### Your goal
Go through the listing below and retype exactly the lines starting at the one with "Dětská dřevěná prolézačka" and ending at the one with "1973 Press Photo", skipping pictures.

### Dataset content
□ □ □
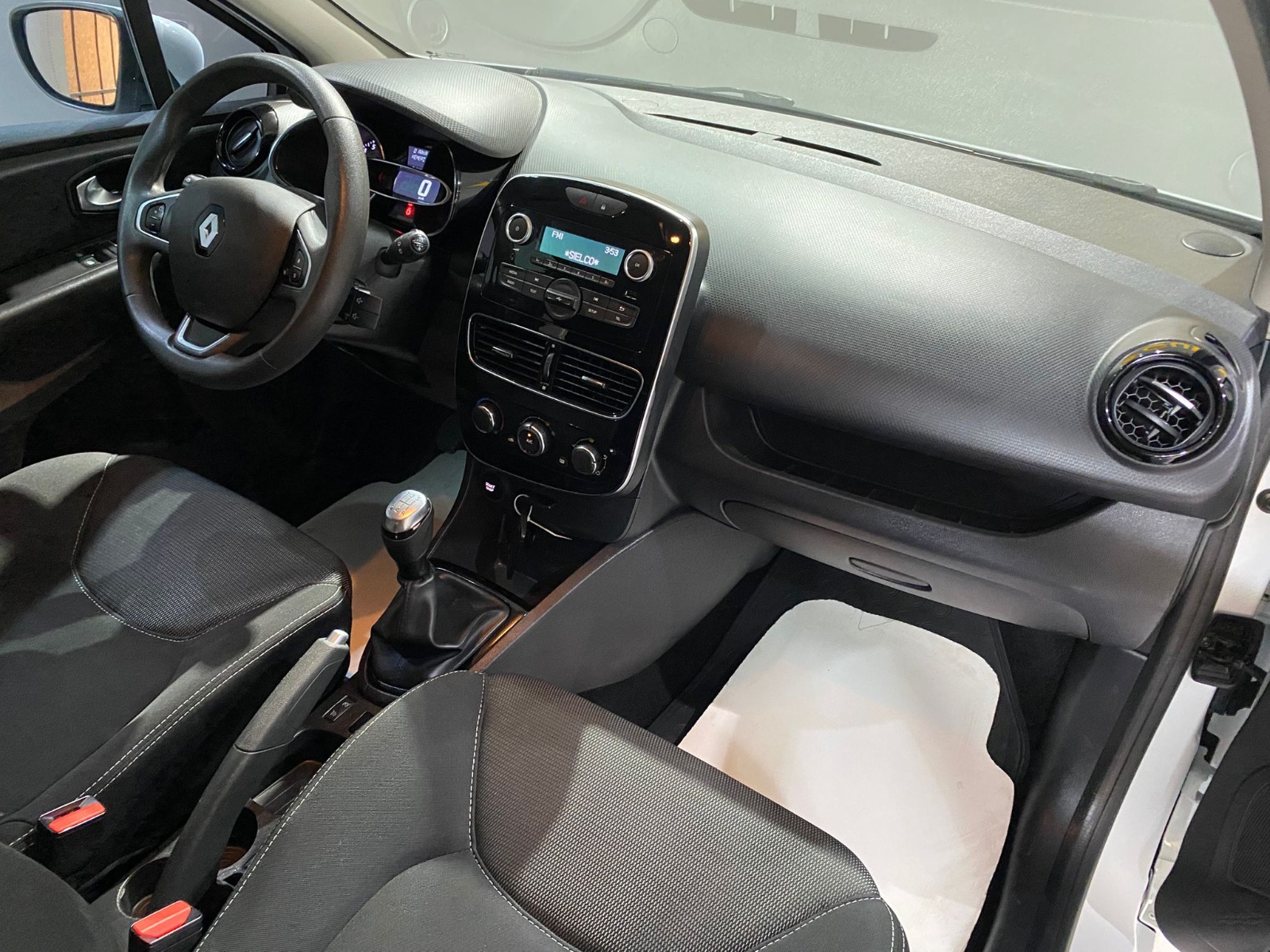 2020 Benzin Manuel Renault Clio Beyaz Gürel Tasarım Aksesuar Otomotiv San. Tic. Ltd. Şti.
□ □ □
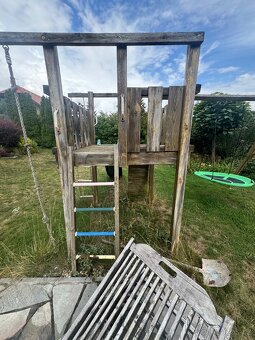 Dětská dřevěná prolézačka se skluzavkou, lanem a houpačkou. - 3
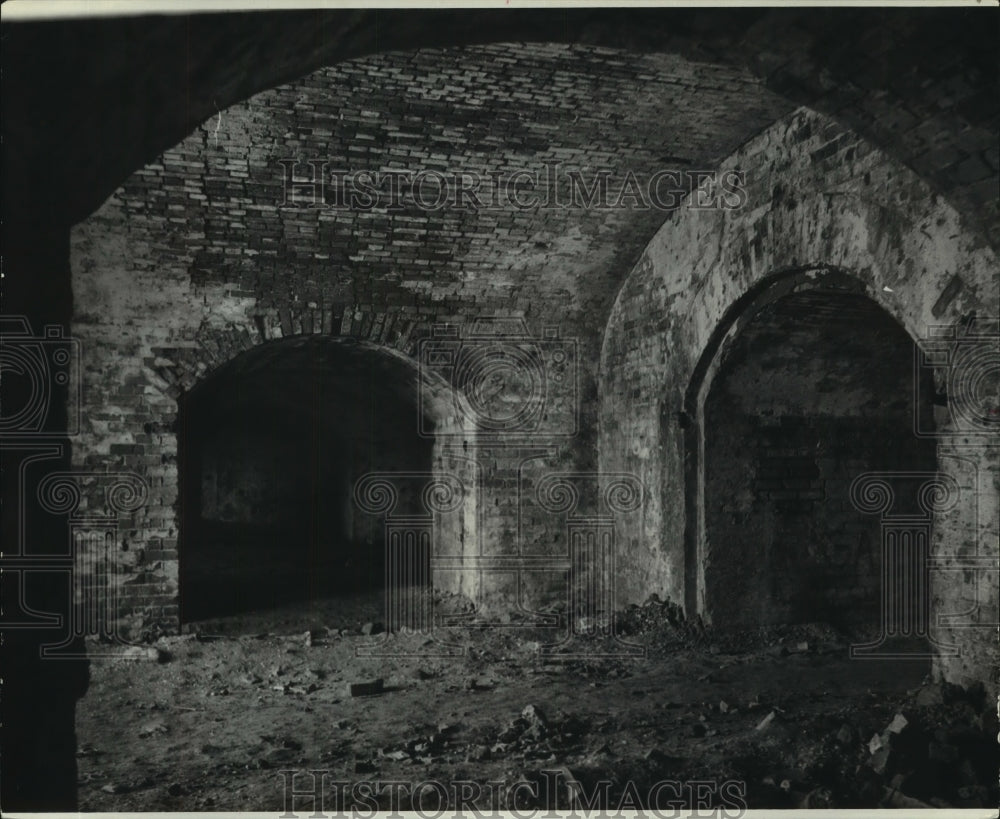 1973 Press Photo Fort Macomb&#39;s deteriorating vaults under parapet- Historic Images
□ □ □
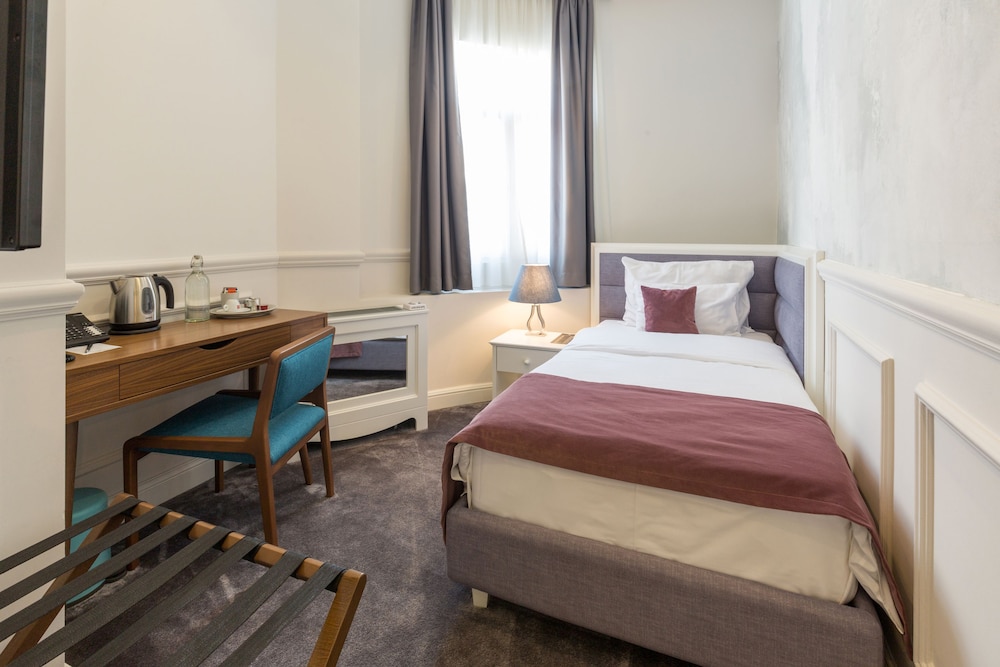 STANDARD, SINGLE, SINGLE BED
□ □ □
### Result of the exercise
 Dětská dřevěná prolézačka se skluzavkou, lanem a houpačkou. - 3
 1973 Press Photo Fort Macomb&#39;s deteriorating vaults under parapet- Historic Images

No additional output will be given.